Chez Vivaldi, la position a été développée dans un billet de blog dédié. Web Environment Integrity y est décrite comme « une menace majeure ». Julien Picalausa, son auteur, y décrit en particulier un problème potentiel dont nous nous étions fait l’écho la semaine dernière : si un navigateur décide de ne pas implémenter WEI, il pourrait ne pas être considéré comme fiable. Dès lors, les services se servant de cette API pourraient ne pas servir leur contenu aux personnes concernées.

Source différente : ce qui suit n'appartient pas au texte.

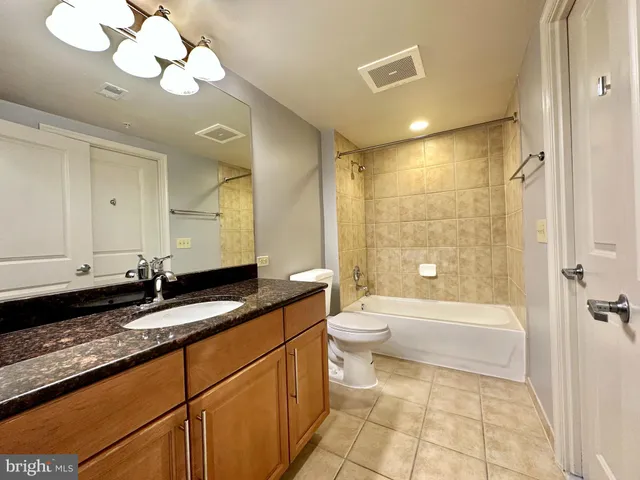 a bathroom with a granite countertop sink a toilet and bathtub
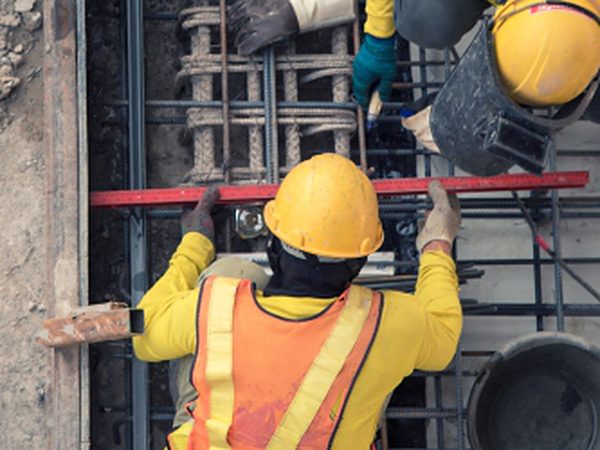 Workers fixing steel reinforcement for concrete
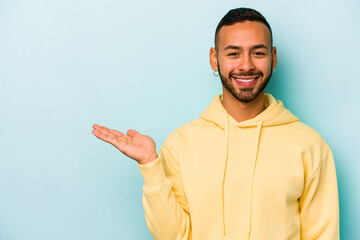 Young hispanic man isolated on blue background showing a copy space on a palm and holding another...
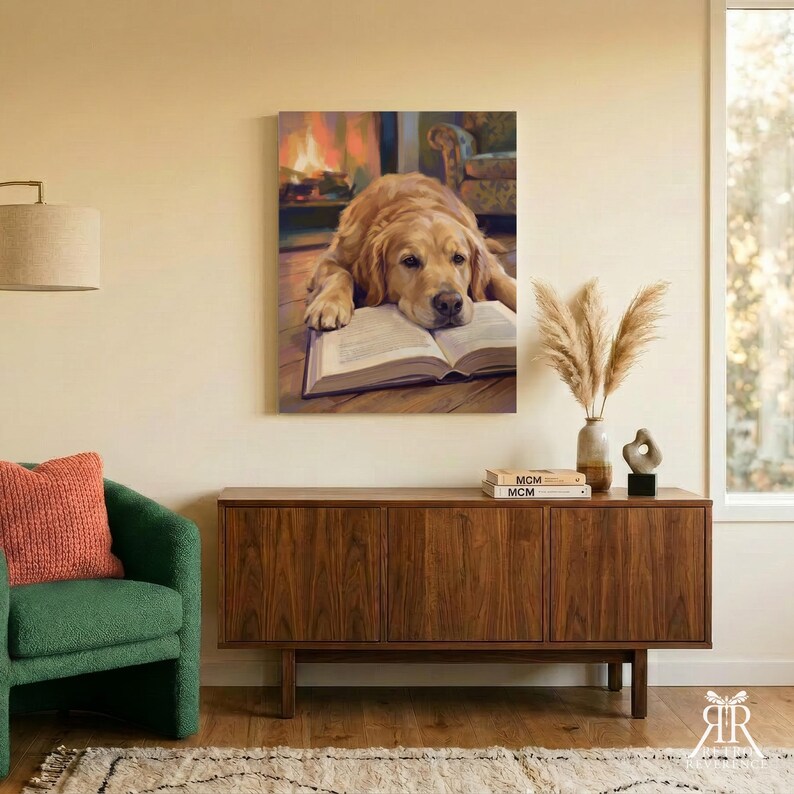 May include: A rectangular wall art print featuring a golden retriever resting its head on an open book. The dog has light brown fur and is positioned in front of a warm, glowing fireplace. The artwork is displayed in a room with a wooden sideboard.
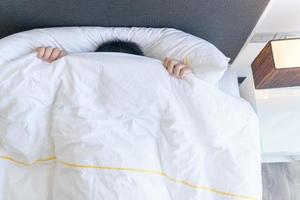 lat pojke beläggning hans ansikte med filt medan liggande i säng på Hem, foto
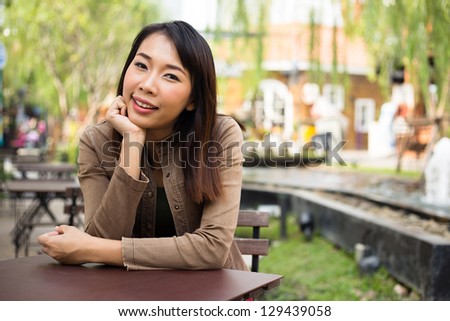 Young asian woman sitting at sidewalk cafe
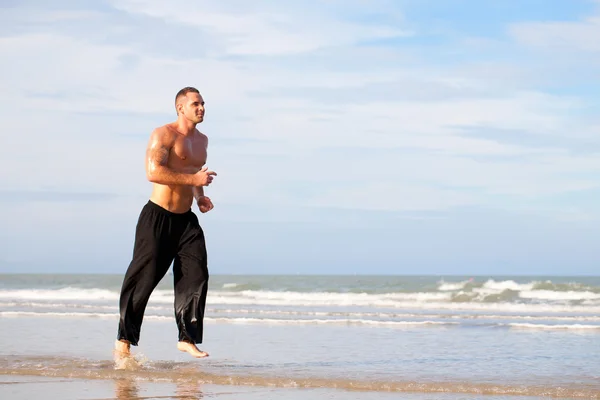 Junger schöner muskulöser Mann läuft am Strand — Stockfoto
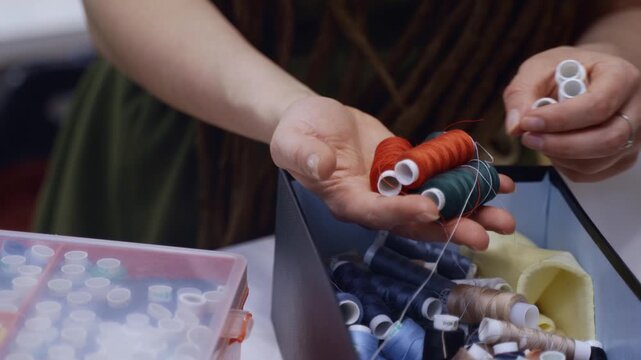 Woman's hands picking a spool of red thread from a box with a colorful assortment for sewing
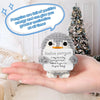 A hand holds a handmade crochet penguin doll with a positive message card, encouraging the viewer to believe in themselves.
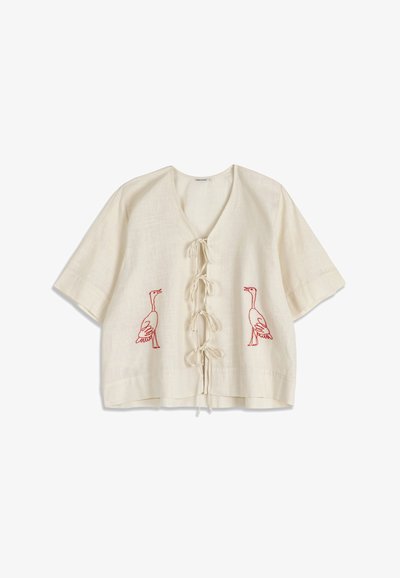 Blouse crème à manches courtes avec liens à l'avant et motifs brodés d'oies rouges de chaque côté.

Selon Picalausa, Edge et Safari ne seront probablement pas en danger. Car en tenant compte du pouvoir dont jouirait Google, ses deux concurrents auraient des capacités de réplique sur leurs propres plateformes, bien trop présentes pour être ignorées. Quant à tous les autres, la force de frappe de Google permettrait probablement d’entrainer presque tout le monde dans son sillage. Par effet boule de neige, tout navigateur ne montrant pas patte blanche ne serait pas considéré comme fiable et ne pourrait pas faire fonctionner les services utilisant WEI. En reprenant la liste des applications se servant de Play Integrity, on peut se passer de Netflix, mais difficilement d’un accès au site de sa banque.

Il estime cependant qu’il existe un espoir, outre le fait que Google ne s’est pas exprimée officiellement sur la question. Pour Picalausa, l’Union européenne pourrait avoir son mot à dire, son historique – particulièrement avec Google – suggérant fortement qu'elle « ne permettra pas à quelques entreprises de disposer d'un pouvoir énorme pour décider quels navigateurs sont autorisés et lesquels ne le sont pas ».

Reste le cas emblématique des EME (Encrypted Media Extensions), adoubées par le W3C et qui avaient en leur temps permis aux DRM de s'installer pour les flux multimédias. On peut d'ailleurs le constater dans les réponses à Brendan Eich et à Mozilla que beaucoup n'ont pas oublié.